SourceMex Economic News & Analysis on Mexico, June 6, 2007 | Go to article overview

Mexico Quietly Building Aviation Industry


Mexico has been quietly building an aeronautics industry during the last few years, with plants in Puebla, Queretaro, Baja California, and Nuevo Leon states all involved in producing parts for aircraft. One company, Canada's Bombardier Aerospace, is hoping to begin producing small aircraft at its facility in Queretaro state in the next few years. But the Mexican aeronautics industry is expanding beyond simple manufacturing, with many operations also involved in consulting, testing, and other services for aeronautics companies in the US and Canada.

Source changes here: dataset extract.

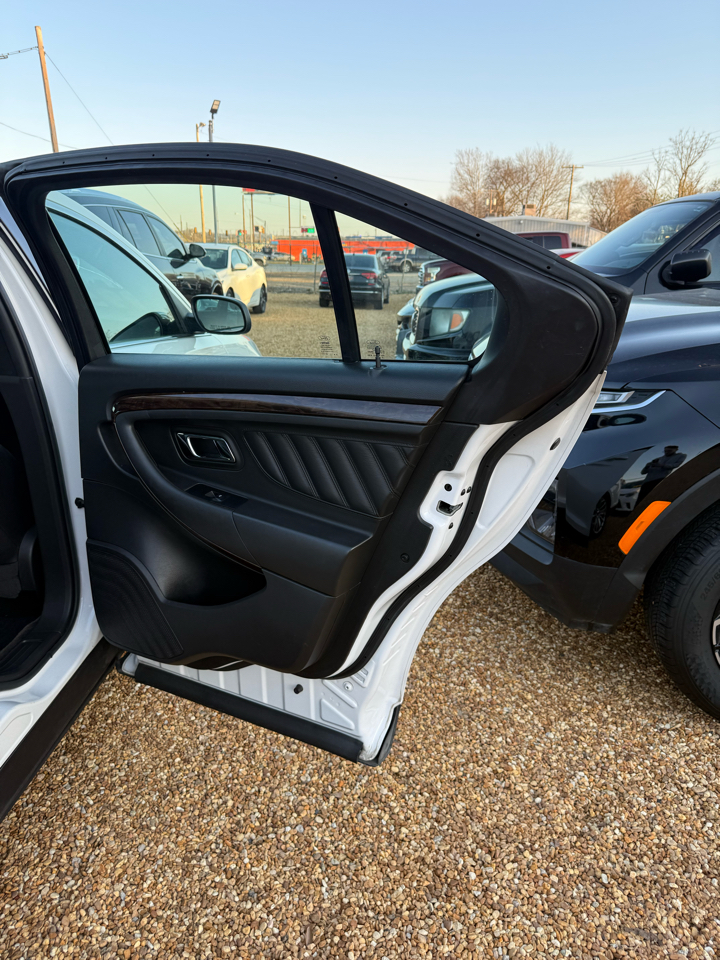 Ford Taurus Limited FWD 2013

The growth of the Mexican aeronautics industry has occurred primarily in the past decade, with Mexican exports of aerospace products increasing by 60% in 2006 relative to 2000. The Secretaria de Economia (SE) estimates that the aeronautics sector now employs about 10,000 workers and is responsible for about US$500 million in exports annually. Officials say Mexico's aerospace industry comprises about 125 companies.

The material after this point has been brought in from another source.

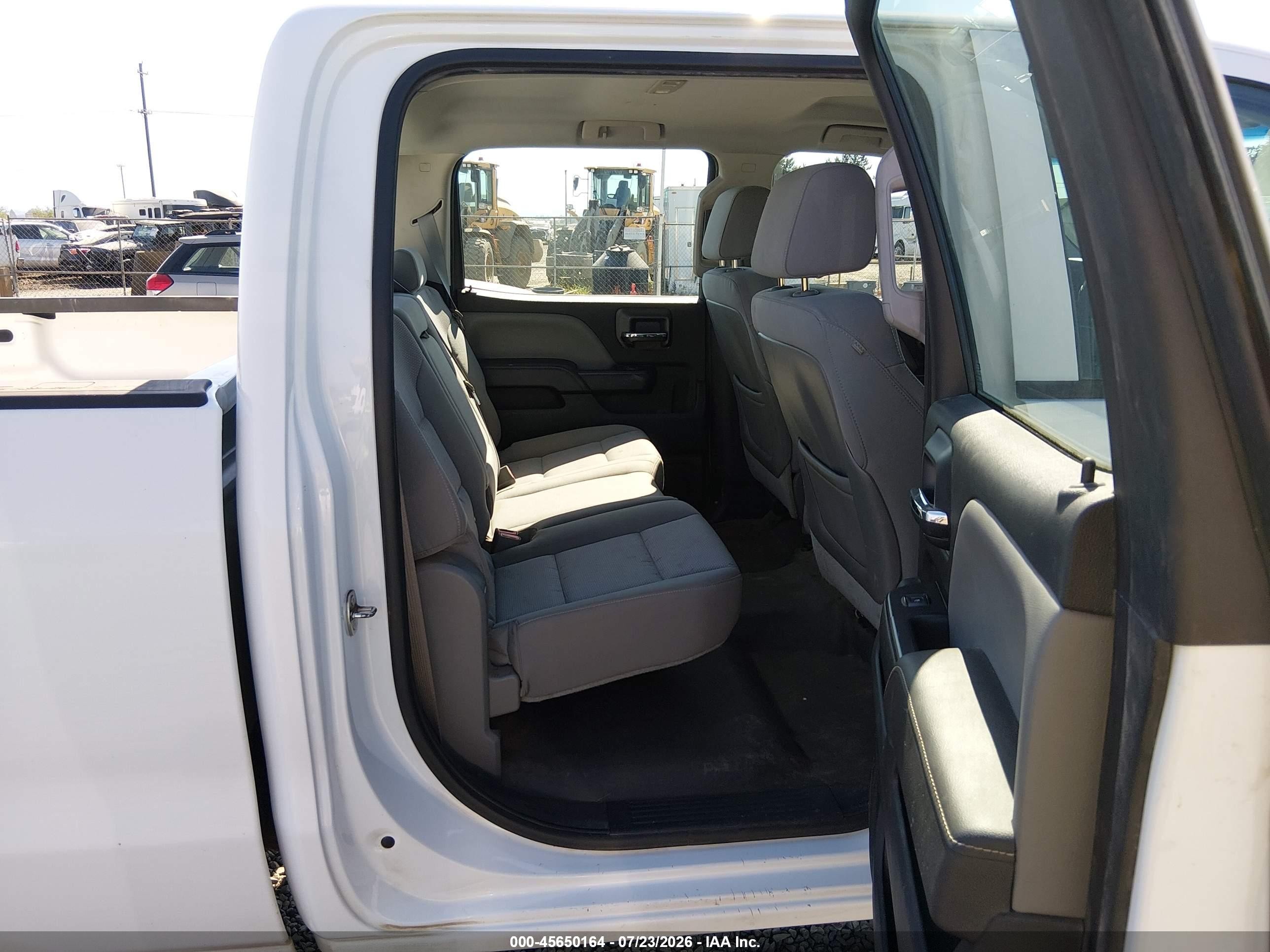 2015 Chevrolet Silverado 2500hd Built After Aug 14 Work Truck White vin: 1GC1KUE85FF640120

Some industry observers say heavy industry such as aeronautics and automobile assembly offer new options for Mexico, which is rapidly losing other types of manufacturing operations to China and other low-wage countries in Asia and Central America. "Mexico has no choice," said the Los Angeles Times. "It's fast losing basic industries such as textiles to nations with cheaper labor."

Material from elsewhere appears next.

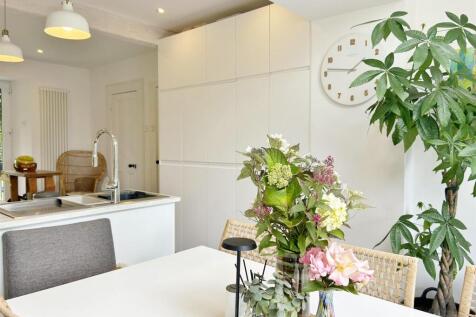 Kitchen dining room
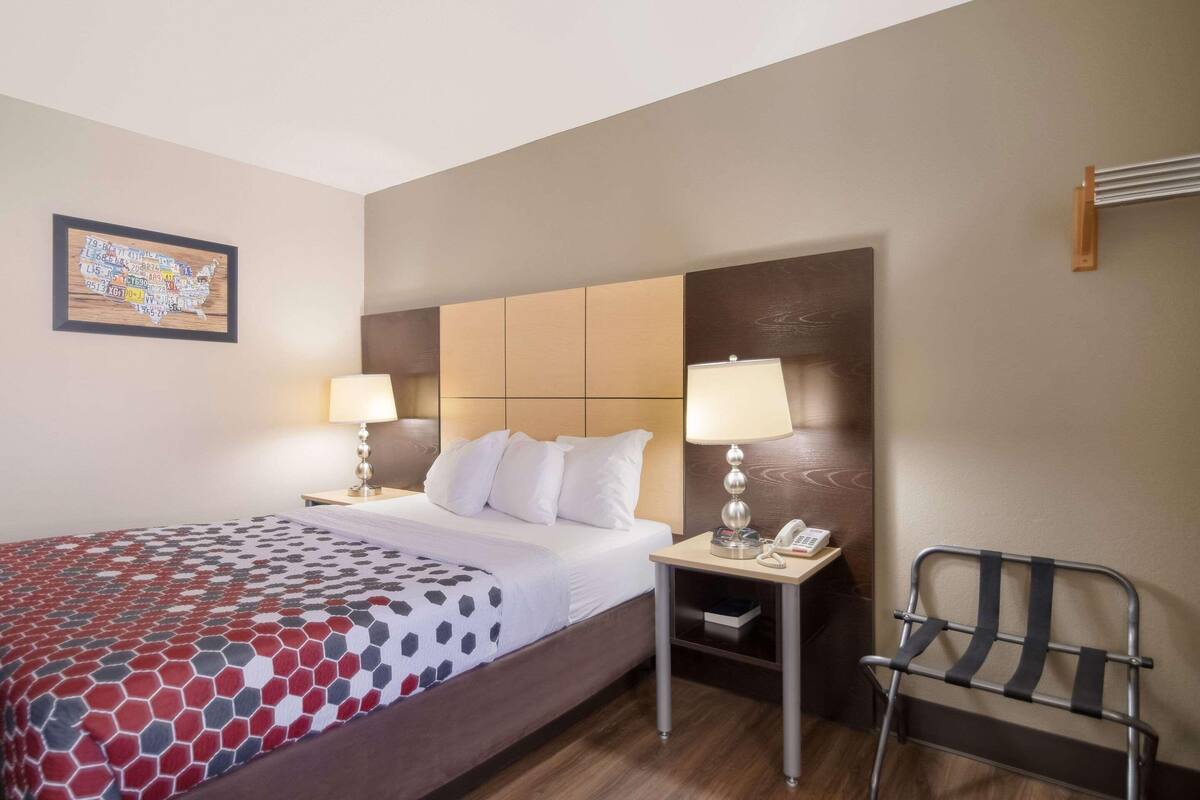Tabla de planchar con plancha, camas extra, wifi gratis y ropa de cama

The growth of the aeronautics industry could also attract other types of high-impact investment into Mexico, such as electronics and metallurgy, supporters say.

Still, the industry is fairly young. Among the most prominent operations is the Avipro Aircraft Ltd. plant in Puebla state, which produces parts for Bearhawk airplanes. Others are the McDonnell Douglas plant in Monterrey, which has manufactured fuselages for helicopters for just a few years. In Queretaro, Bombardier Aerospace has manufactured tail rudders and stabilizers for executive aircraft for less than two years.

European companies also view Mexico as fertile ground to establish operations. The SE said French-based Labinal plans to establish a plant in Chihuahua to manufacture electronic components for the European aerospace giant Airbus. Similarly, British aerospace manufacturer Smiths plans to invest about US$25 million in a plant in Monterrey to manufacture aerospace components to be shipped to a facility in England. The SE said the French company Messier Services is planning to construct a plant in Queretaro to restore landing gear for A320 and A340 Airbus aircraft.

Canada's Bombardier may build full aircraft in Mexico

Still, some observers say Bombardier's decision to invest heavily in its plant in Queretaro, near the international airport in Queretaro City, two years ago was a major advancement for the Mexican aeronautics industry. The company, which has assembled tail rudders and stabilizers for executive aircraft at temporary facilities for the past year, recently broke ground on a new massive complex that will allow the company to greatly expand its operations. The new plant will allow the Canadian company to assemble wiring harnesses, fuselages, and flight controls. The move toward expansion would allow the company to hire 1,200 workers by the end of the year, compared with its current work force of 450 employees. Company officials estimate that the total work force at the Queretaro facility could reach 1,800 by 2009.

Bombardier plans to eventually turn the Queretaro facility into the main source for electrical wiring for its CRJ 700 and CRJ 900 regional jets and for Challenger 300 and Global Express executive jets.

The ultimate goal, said Bombardier executives, is to convert the Queretaro facility into a plant capable of manufacturing full aircraft. To meet that goal, perhaps in five or six years, the company plans to spend another US$200 million at the facility, said Pierre Beaudoin, Bombardier's president and chief executive officer, in August 2006. …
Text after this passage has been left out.